- Exercise brief: Write again exactly the lines in the listing below, starting at the line with "From Punta Sabbioni: Venice, Murano" and ending at the line with "808 Richards St, Geneva, IL 60134", both included. Pictures are not copied.

- Information:
----

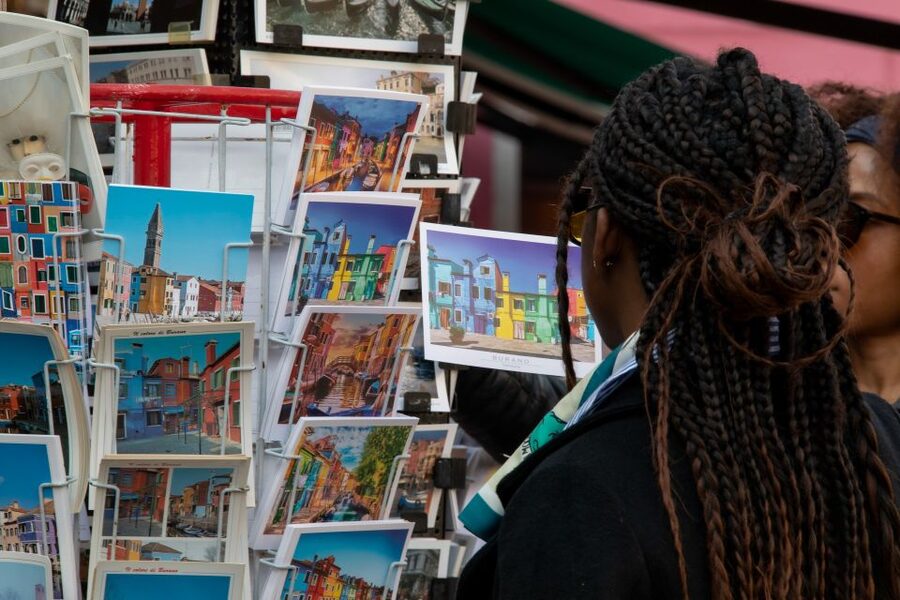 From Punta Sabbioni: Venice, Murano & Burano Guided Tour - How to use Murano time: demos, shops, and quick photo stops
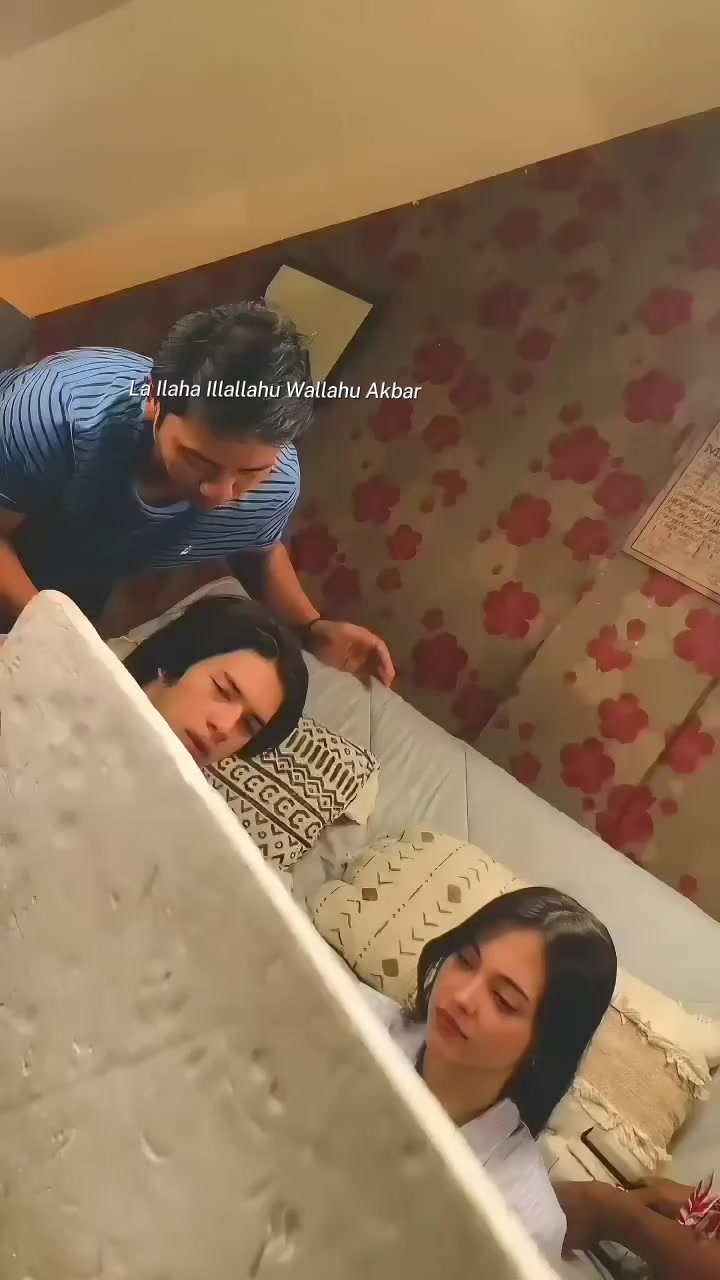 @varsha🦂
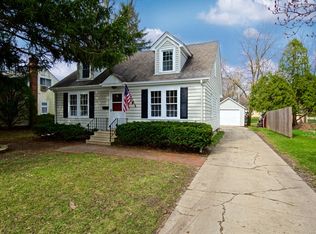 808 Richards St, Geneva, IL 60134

----

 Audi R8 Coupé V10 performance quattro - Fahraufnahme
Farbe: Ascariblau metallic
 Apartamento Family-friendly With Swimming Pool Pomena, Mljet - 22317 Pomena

----

- Solution for this task:
 From Punta Sabbioni: Venice, Murano & Burano Guided Tour - How to use Murano time: demos, shops, and quick photo stops
 @varsha🦂
 808 Richards St, Geneva, IL 60134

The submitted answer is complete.